The curated copses appeared to be arranged to draw the eye into their depths, with footpaths and secluded seating areas where one could best appreciate a particular rock formation or listen to the sound of water. Paths meandering through areas with unsure footing sported clever stairs carved from natural rock and even miniature bridges over cuts in the earth; all guiding the observer so gently that no effort was required for anything but the contemplative thoughts that brought them there in the first place. The birds and insects may have sounded completely different on this world,  but after a period of adjustment Shepard found them as pleasant as they’d ever been on Earth. It was, best of all, completely secluded and she’d spent many an hour moving quietly through the sun and shade; her destination always the silence of her inner self.

She wasn’t sure she’d ever actually made it, but spinning uselessly around in your mind did get boring after awhile.

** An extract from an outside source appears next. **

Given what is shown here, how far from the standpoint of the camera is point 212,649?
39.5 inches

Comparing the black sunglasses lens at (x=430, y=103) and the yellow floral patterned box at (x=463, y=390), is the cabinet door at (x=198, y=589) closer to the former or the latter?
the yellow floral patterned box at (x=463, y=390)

Boring enough that she’d eventually go inside and do something about whatever was bothering her. _Probably not what the T’Sonis envisioned when they built the place_ , she realized, which made her smile.

45 minutes or so of that spinning brought her back around to the house where she saw several vehicles crowding the drive. Her pace picked up to a jog, mind going far too quickly to bad conclusions, but she quickly recognized the badges of Council Security on people mulling about and it wasn’t long before she spotted Councilor Tevos as well as Liara’s father, Aethyta, making a slow walk toward their door, surrounded by staff.

When Tevos saw her she slowed and smiled that Mona Lisa smile Shepard had come to know so well. They approached one another and nodded in greeting, words as careful as their perpetual confidence dictated.

“Shepard,” the Asari said with warmth.

“Tevos,” Shepard replied, self-consciously zipping up the faded N7 hoodie she only wore when playing hermit-in-the-house. “I didn’t expect you to come in person. Welcome.”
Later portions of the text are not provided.